Well, one big difference between wine and audio is that the chemical composition provably differs from one wine or vintage to the next, whereas the composition of an audio signal, pre-speaker, is electrical and it does not vary based on the multitude of variables that can affect wine.  Some things can (an amplifier) and some things cannot, and so where you get into these big arguments is when someone argues that something changed the electrical signal when from an engineering/physics standpoint it cannot. So a somm. will carry more credibility than a guy playing with the direction of fuses. 
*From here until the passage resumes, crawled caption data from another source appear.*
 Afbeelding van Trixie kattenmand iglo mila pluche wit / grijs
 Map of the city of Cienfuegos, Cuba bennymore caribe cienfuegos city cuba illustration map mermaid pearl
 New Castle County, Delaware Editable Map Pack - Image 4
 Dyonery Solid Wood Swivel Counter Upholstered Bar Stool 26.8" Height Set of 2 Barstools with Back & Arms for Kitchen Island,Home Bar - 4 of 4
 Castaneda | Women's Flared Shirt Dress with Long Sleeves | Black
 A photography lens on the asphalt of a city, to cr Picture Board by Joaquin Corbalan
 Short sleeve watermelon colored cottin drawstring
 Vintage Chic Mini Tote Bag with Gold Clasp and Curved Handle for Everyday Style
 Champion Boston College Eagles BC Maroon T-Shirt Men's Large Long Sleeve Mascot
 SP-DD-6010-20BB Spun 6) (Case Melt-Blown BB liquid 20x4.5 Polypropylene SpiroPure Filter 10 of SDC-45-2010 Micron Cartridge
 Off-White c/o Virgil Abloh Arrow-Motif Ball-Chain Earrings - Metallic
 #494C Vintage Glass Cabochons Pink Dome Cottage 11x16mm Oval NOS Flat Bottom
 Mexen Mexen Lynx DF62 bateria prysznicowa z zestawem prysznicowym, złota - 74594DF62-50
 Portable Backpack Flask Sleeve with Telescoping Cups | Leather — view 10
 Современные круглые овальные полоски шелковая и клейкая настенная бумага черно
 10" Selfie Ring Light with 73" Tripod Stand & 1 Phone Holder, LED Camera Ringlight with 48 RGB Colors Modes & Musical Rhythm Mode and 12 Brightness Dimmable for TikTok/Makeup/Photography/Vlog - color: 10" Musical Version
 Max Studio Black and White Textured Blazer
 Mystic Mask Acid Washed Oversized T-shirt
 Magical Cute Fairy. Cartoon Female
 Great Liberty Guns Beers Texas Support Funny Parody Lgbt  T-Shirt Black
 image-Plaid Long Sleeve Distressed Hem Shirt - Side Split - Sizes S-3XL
As others have mentioned, the wine industry isn't without it's conspiracy theories.  I'm fairly certain that professional "tasters" and "smellers" can be tested to on some level (i.e. at what concentration can they identify a known taste or smell) but I don't know if this is done.  I'm not into it at all, but I think the wine industry is based primarily on subjective evaluations of the taste along with how exclusive the product is.

The audiophile world is certainly similar in a lot of ways.  I think the controversies come from a couple of different directions.  One is that because audiophile equipment is, in theory, and engineered product there's an expectation that measurements on meaningful.  Another is that the placebo effect is absolutely (in my mind) in play for a lot of audiophile while there are a few with truly golden ears that detect differences that most simply cannot.  Another is that most audiophiles are influenced by expectation bias when it comes to hearing what are only differences.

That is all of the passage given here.